Conservons dans cet article les impressions habituelles que vous avez de ces termes : ‘ostracisme’ est un peu méchant et ‘racisme’ vraiment ignoble. Mais je vais essayer de vous les séparer davantage. Voici une étymologie personnelle : prenez ‘rat’ à la base de racisme, et ‘autre’ à celle d’ostracisme.
Le rat est un concurrent. Il parasite ma maison, vole la nourriture. Je l’abhorre et pourtant il ne fait qu’exister, chercher à survivre, obtenir les avantages dont je profite. Il fait la même chose que moi. Il me ressemble. Le racisme est une ardeur à dissimuler la ressemblance. Ainsi je peux détester sans retenue mon rival. Je peux l’empêcher d’empiéter sur ma propre existence.
L’autre est un inconnu. La prudence s’impose. Manque une représentation exacte à son sujet. Peut-être raisonne-t-il de manière très étrangère à la mienne. L’ostracisme est une méfiance envers ce qui est différent de moi, parce qu’il est menace potentielle pour mon existence.
Racisme et ostracisme agissent-ils alors de concert pour me protéger ? Non. Autant l’ostracisme est judicieux, autant le racisme est vicieux. La défiance de l’ostracisme vise le non-moi, mais pour le racisme c’est moi !! A l’ostracisme je devrais associer l’amour du moi, l’appréciation de cette partie de moi dans les autres, et non le contraire. Le racisme est un aveuglement qui fait de l’autre un étranger radical. Il fait pire que la détestation d’un rat. La haine du concurrent humain, plus dangereux, atteint des sommets plus élevés encore. C’est par elle que le racisme devient aussi dévastateur.
La discrimination des sexes est un racisme. La femme appartient à la même espèce que l’homme et cherche comme lui à acquérir du pouvoir. Cette similitude insupportable génère le machisme, racisme masculin envers la femme. L’homme exacerbe le caractère soumis de la femme pour dissimuler la part en elle qui lui ressemble, l’éliminer ainsi plus facilement de la compétition.
La circonspection en croisant une bande de jeunes dans un quartier difficile est un ostracisme. Les passants sont informés que le risque d’agression est plus élevé dans un tel contexte. Ils évitent le contact et toute attitude provocante. L’ostracisme est une protection, tandis que le racisme est agression.
Différence importante à capter. L’ostracisme ne fait pas des gens une menace, le racisme oui.
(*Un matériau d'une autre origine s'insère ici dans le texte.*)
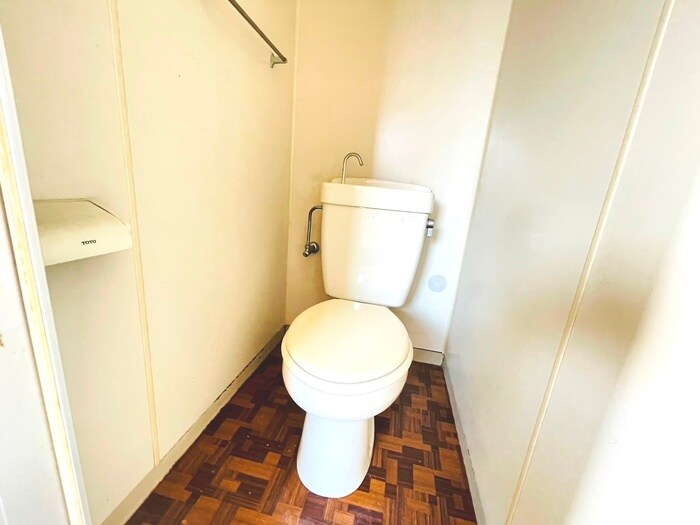 物件内観写真11　(トイレ)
L’agression raciste réclame de notre part une résistance ; nous n’avons pas demandé à y participer. Tandis qu’en rencontrant l’ostracisme c’est à nous d’agir ! Il faut contester ces étiquettes péjoratives dans l’esprit d’autrui. Ceux qui réussissent à les effacer sont ceux qui portent le chapeau et démontrent patiemment qu’il n’est pas à leur taille, pas ceux qui l’ont jeté à terre sous l’effet de la colère.